STUDY MATERIAL:
+ + + +

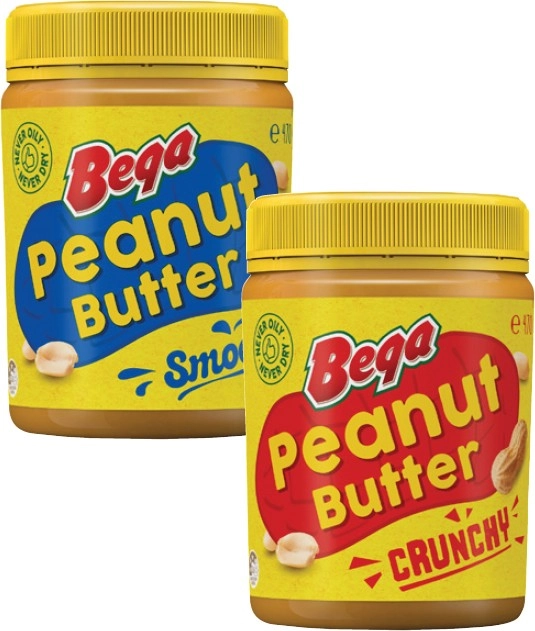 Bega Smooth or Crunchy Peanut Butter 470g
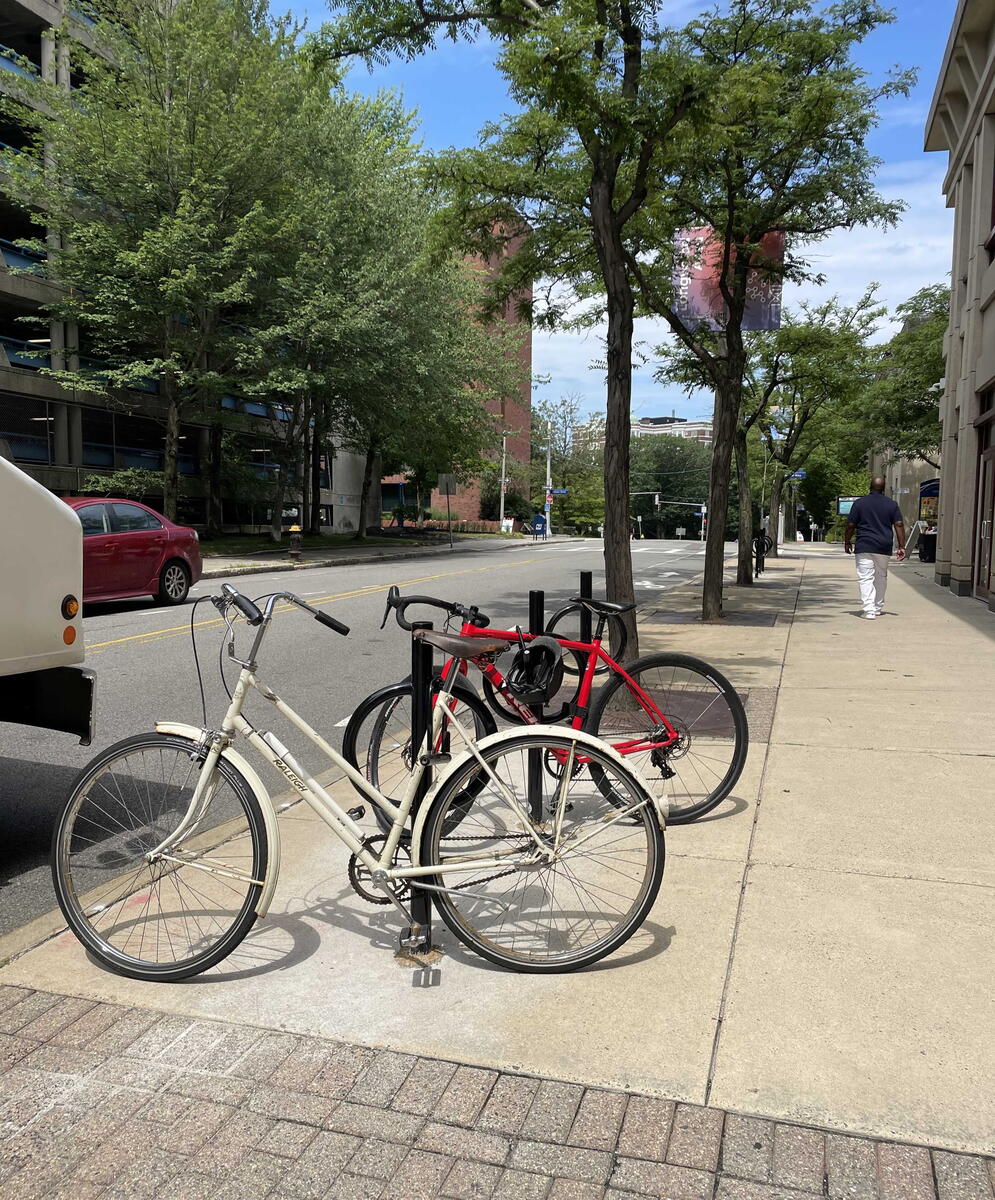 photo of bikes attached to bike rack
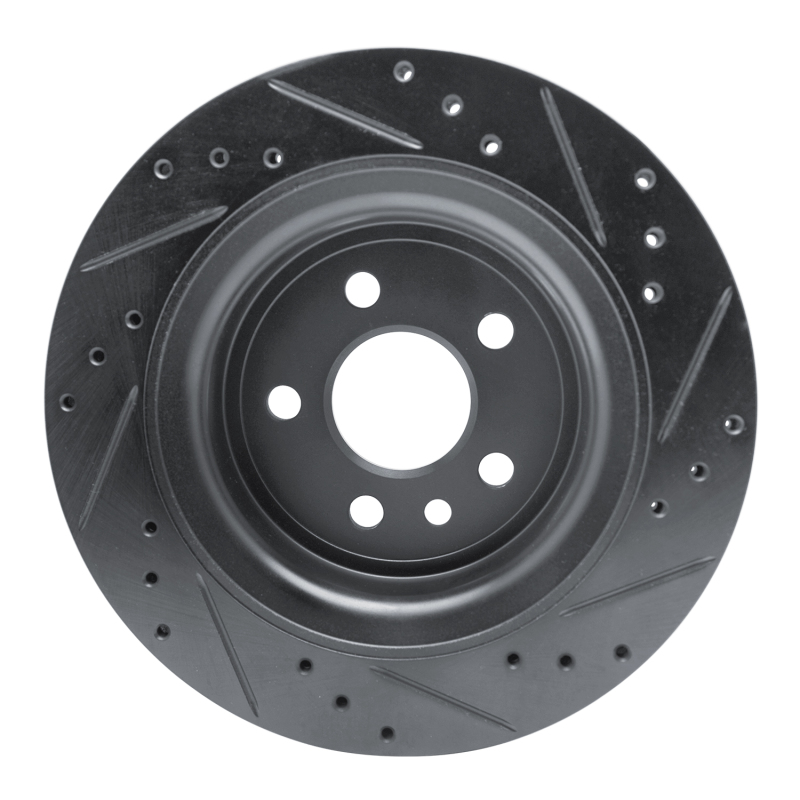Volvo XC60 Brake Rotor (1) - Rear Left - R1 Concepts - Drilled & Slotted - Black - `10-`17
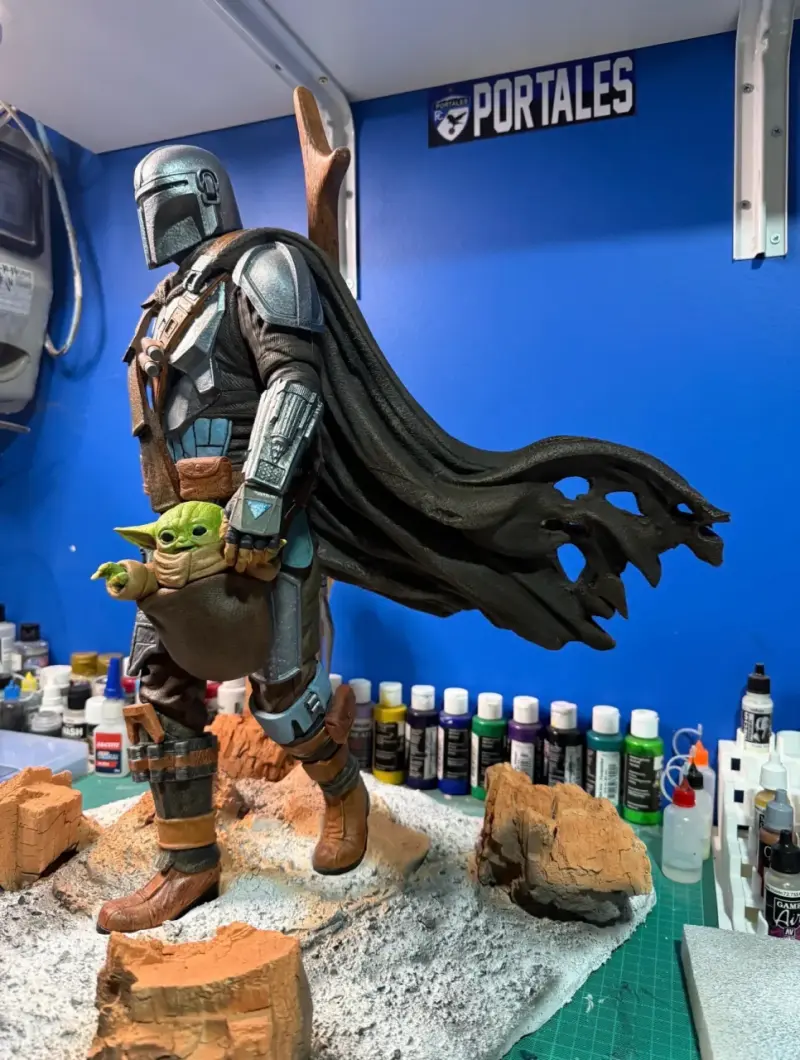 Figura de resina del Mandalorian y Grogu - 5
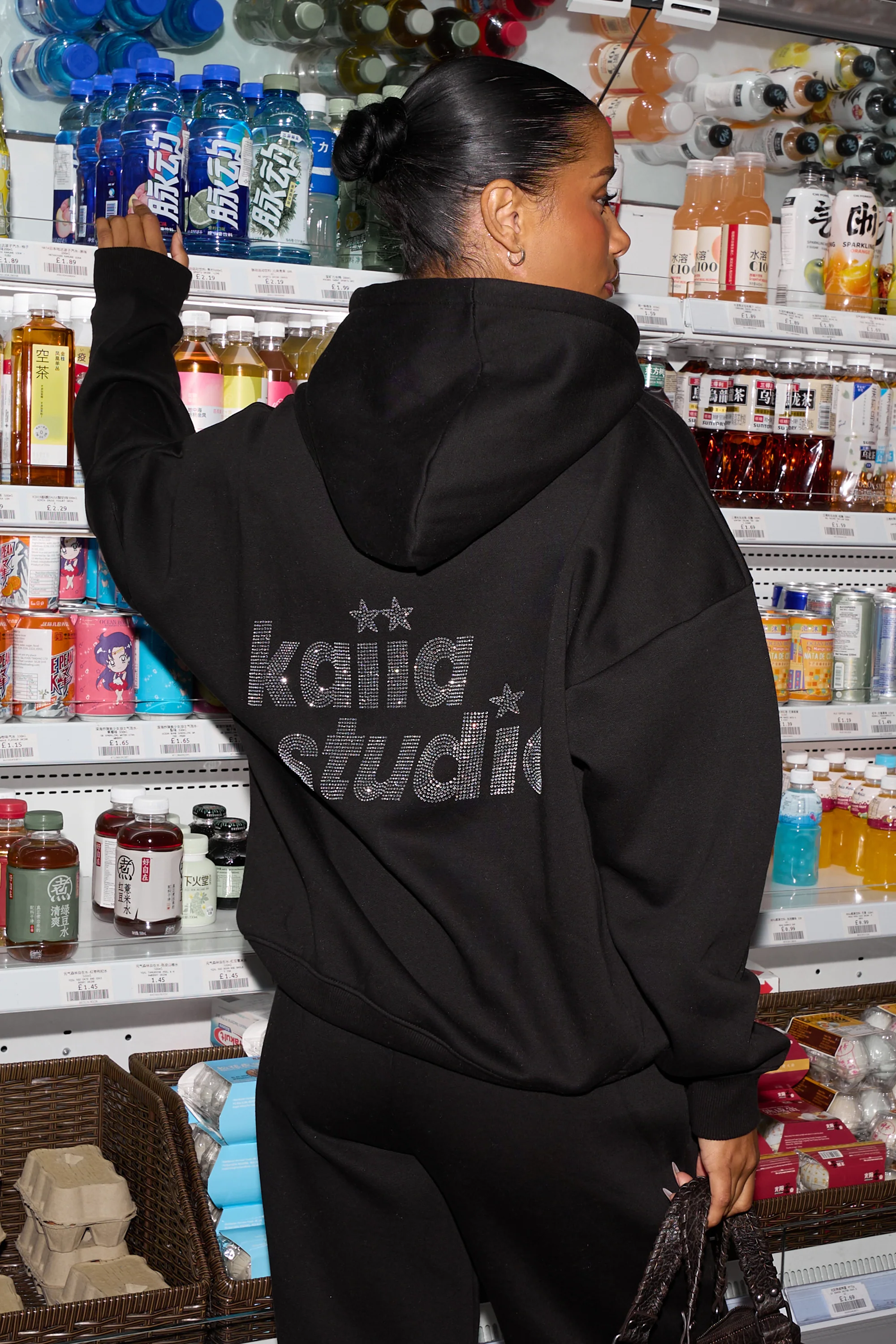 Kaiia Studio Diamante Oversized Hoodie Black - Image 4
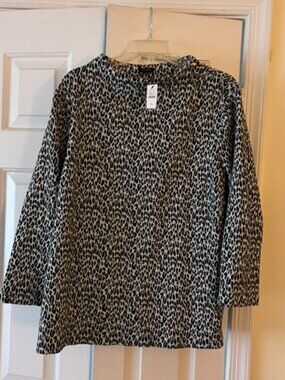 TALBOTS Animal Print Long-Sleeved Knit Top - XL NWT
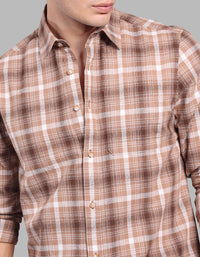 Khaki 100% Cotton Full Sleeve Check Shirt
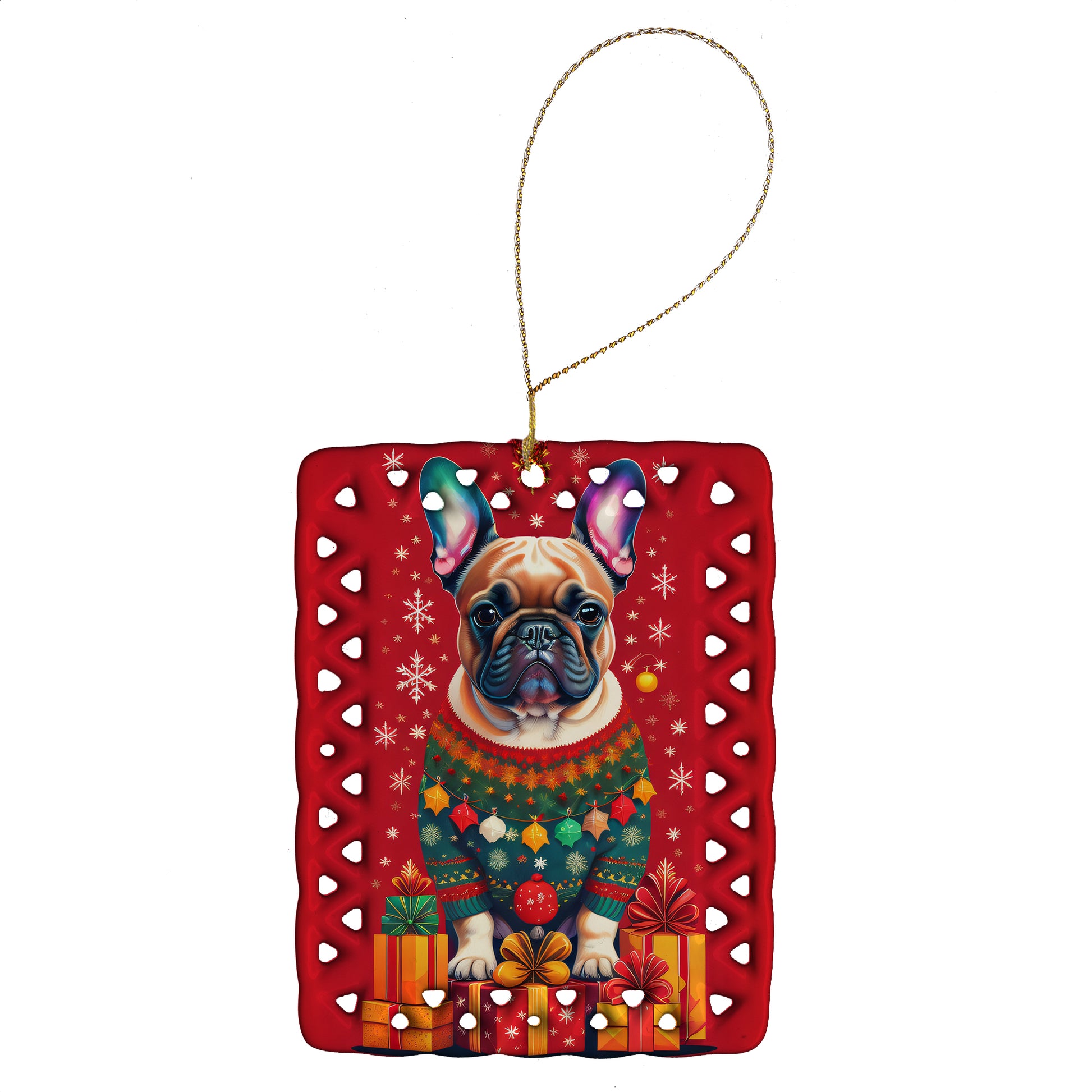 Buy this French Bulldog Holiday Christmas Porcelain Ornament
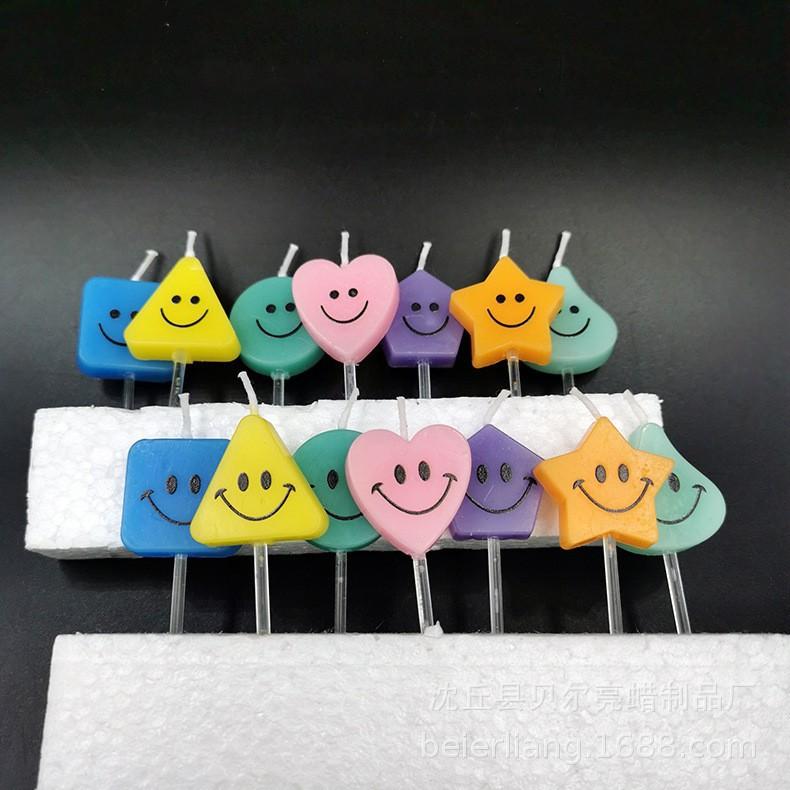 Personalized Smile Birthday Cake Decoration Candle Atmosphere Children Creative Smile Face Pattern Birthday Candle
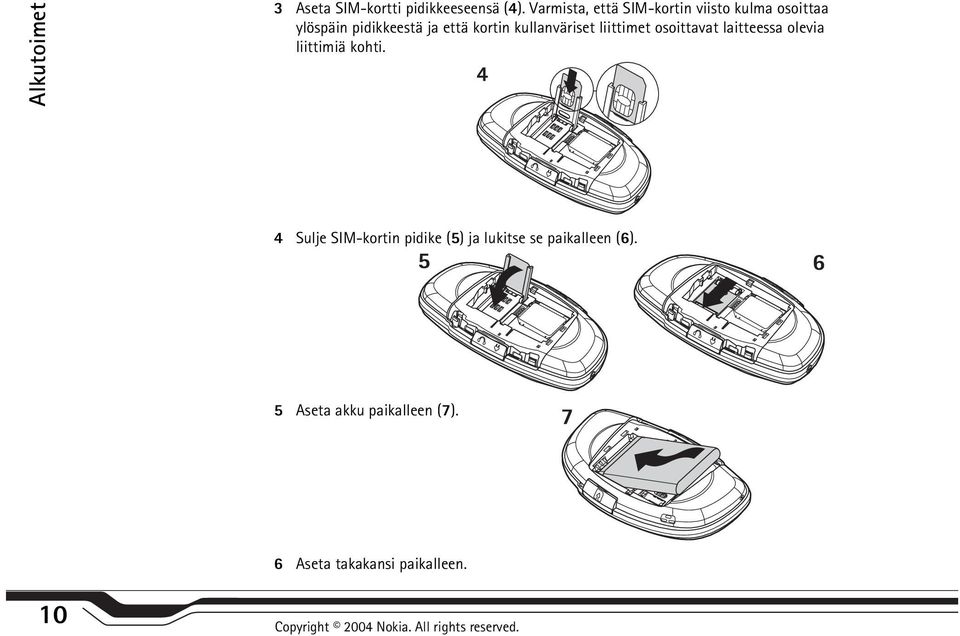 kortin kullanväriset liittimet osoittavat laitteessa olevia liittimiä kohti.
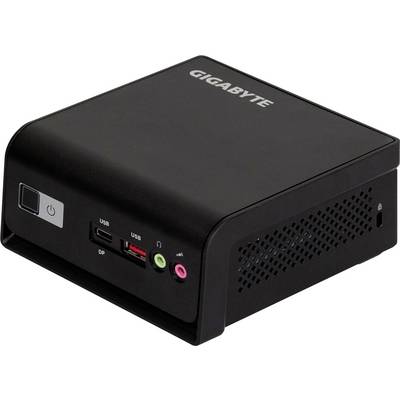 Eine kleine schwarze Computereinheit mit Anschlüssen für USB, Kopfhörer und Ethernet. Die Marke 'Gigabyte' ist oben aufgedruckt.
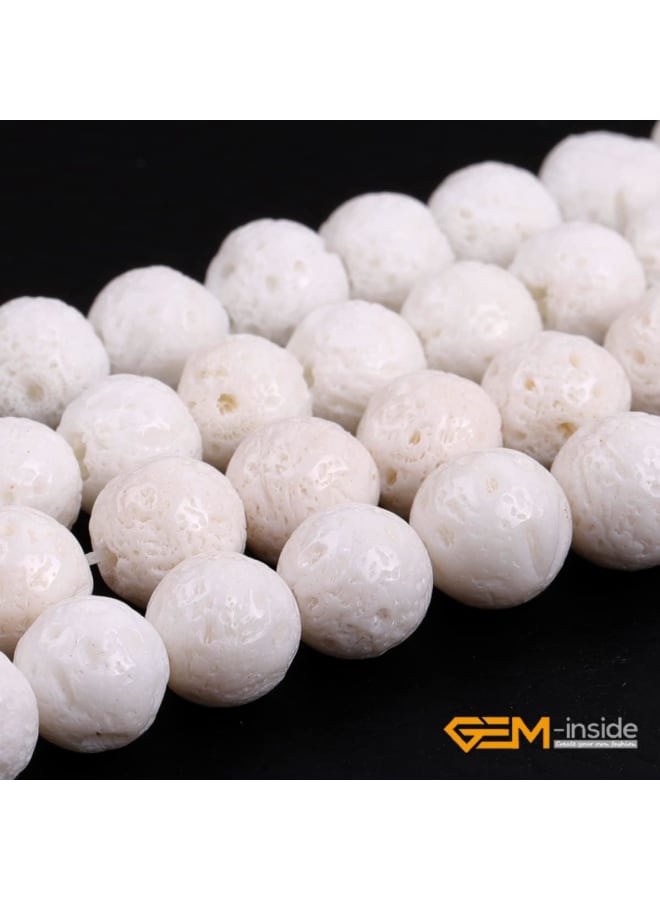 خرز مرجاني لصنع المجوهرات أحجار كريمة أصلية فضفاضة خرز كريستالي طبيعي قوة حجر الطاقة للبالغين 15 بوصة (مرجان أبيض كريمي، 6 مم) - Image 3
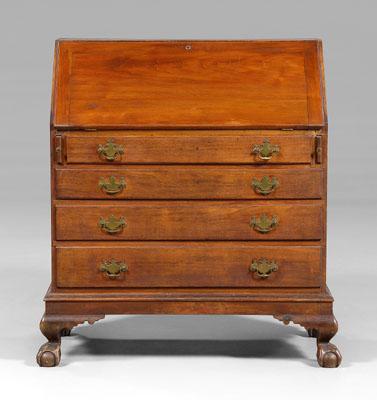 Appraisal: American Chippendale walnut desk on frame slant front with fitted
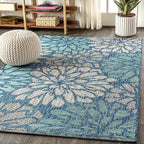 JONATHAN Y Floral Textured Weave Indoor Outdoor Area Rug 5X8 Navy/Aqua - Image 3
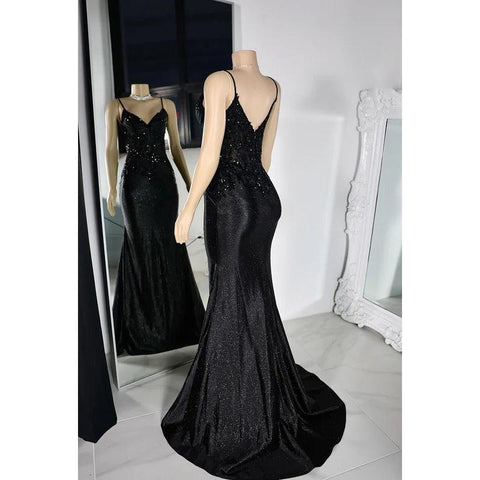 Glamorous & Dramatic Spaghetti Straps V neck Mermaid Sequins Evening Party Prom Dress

+ + + +

WHAT THE TASK ASKS: Reproduce exactly the lines that run from the line holding "Volvo XC60 Brake" through the final line of the entries, and omit every picture.

RESULT BELOW:
Volvo XC60 Brake Rotor (1) - Rear Left - R1 Concepts - Drilled & Slotted - Black - `10-`17
 Figura de resina del Mandalorian y Grogu - 5
 Kaiia Studio Diamante Oversized Hoodie Black - Image 4
 TALBOTS Animal Print Long-Sleeved Knit Top - XL NWT
 Khaki 100% Cotton Full Sleeve Check Shirt
 Buy this French Bulldog Holiday Christmas Porcelain Ornament
 Personalized Smile Birthday Cake Decoration Candle Atmosphere Children Creative Smile Face Pattern Birthday Candle
 kortin kullanväriset liittimet osoittavat laitteessa olevia liittimiä kohti.
 Eine kleine schwarze Computereinheit mit Anschlüssen für USB, Kopfhörer und Ethernet. Die Marke 'Gigabyte' ist oben aufgedruckt.
 خرز مرجاني لصنع المجوهرات أحجار كريمة أصلية فضفاضة خرز كريستالي طبيعي قوة حجر الطاقة للبالغين 15 بوصة (مرجان أبيض كريمي، 6 مم) - Image 3
 Appraisal: American Chippendale walnut desk on frame slant front with fitted
 JONATHAN Y Floral Textured Weave Indoor Outdoor Area Rug 5X8 Navy/Aqua - Image 3
 Glamorous & Dramatic Spaghetti Straps V neck Mermaid Sequins Evening Party Prom Dress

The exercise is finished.